Cureus. 2024 Nov 18;16(11):e73952. doi: 10.7759/cureus.73952. eCollection 2024 Nov.

Abstract

Objective: This study aims to investigate the efficacy of continuous oxytocin administration after completion of routine oxytocin administration during the third stage of labor in patients with twin pregnancies delivered via cesarean delivery (CD).
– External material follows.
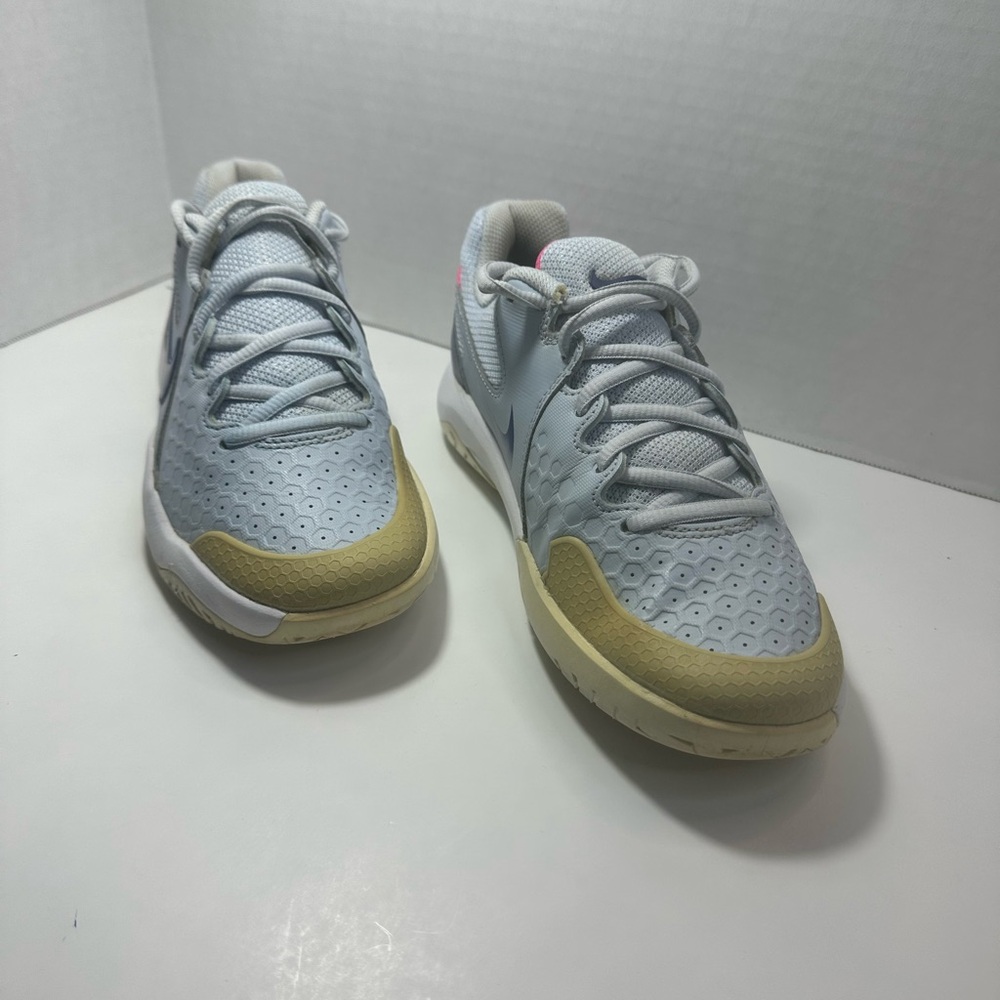 Nike Athletic Shoes in Light Blue and Dark Blue/ Pink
Methods: This retrospective case-control study was conducted between April 2014 and March 2024, and it included 156 women with twin pregnancies. The oxytocin group included patients who were administered continuous oxytocin 2 IU/h until 24 hours after delivery after completion of oxytocin 5 IU intravenous injection immediately after delivery as the routine procedure. The control group included patients who underwent the routine oxytocin procedure only. We conducted overlap propensity score-weighted analyses and inverse probability-weighted analyses in parallel to compare the incidence of postpartum hemorrhage (PPH) and adverse events within 24 hours after CD, including the mean amount of lochia, the incidence of blood transfusion, shock, and additional procedures to control bleeding, and reduction in hemoglobin (Hb) levels and hematocrit (Ht) values before and after CD.
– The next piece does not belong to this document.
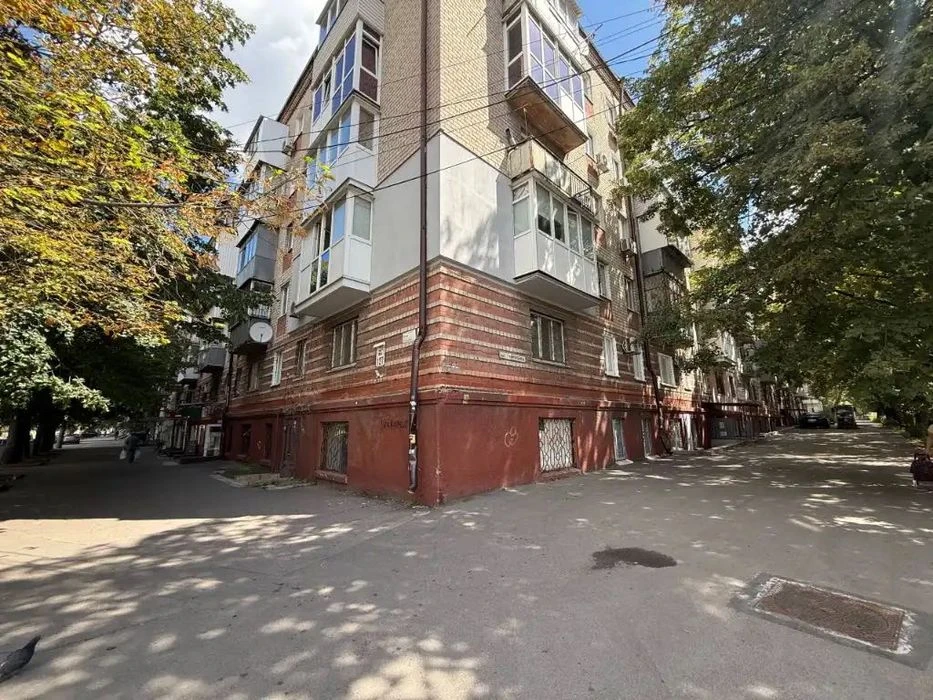 Продам 1к квартиру Александра Поля пр. 127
Results: In the overlap propensity score-weighted analysis, the mean amount of lochia within 24 hours after CD, reduction in Hb levels, and reduction in Ht values were significantly lower in the oxytocin versus the control group (177 g and 383 g, respectively; (95% confidence interval (CI), -328.5 to -84.5); P < 0.01, 0.59 g/dL and 1.08 g/dL, respectively; (95% CI, -0.94 to -0.05); P = 0.03, and 1.75% and 3.37%, respectively; (95% CI, -2.94 to -0.29); P = 0.02, respectively). There was no significant difference in the total blood loss within 24 hours after CD and the incidence of any adverse events within 24 hours after CD, such as PPH, shock, additional procedures to control bleeding, and blood transfusion. Although the difference was not significant, the incidence of lochia exceeding 500 g was lower in the oxytocin versus the control group (4.8% and 26.4%, respectively; OR: 0.14 (95% CI, 0.02 to 1.17); P = 0.07). In the inverse probability-weighted analyses, the mean amount of lochia within 24 hours after CD was significantly lower in the oxytocin versus the control group (183 g and 387 g, respectively; (95% CI, -320.2 to -87.8); P < 0.01). Although there was no significant difference in the incidence of blood transfusion, the incidence of lochia exceeding 500 g or 1000 g was significantly lower in the oxytocin versus control group (4.6% and 27.2%, respectively; OR: 0.13 (95% CI, 0.04 to 0.41); P < 0.01, and 1.5% and 12.5%, respectively; OR: 0.10 (95% CI, 0.02 to 0.65); P < 0.01, respectively).

Conclusion: Continuous oxytocin administration after completion of oxytocin administration during the third stage of labor may reduce the incidence of PPH after CD for twin pregnancies.

Keywords: cesarean section (cs); oxytocin regimen; propensity score-matching analysis; twin pregnancy; uterine atony.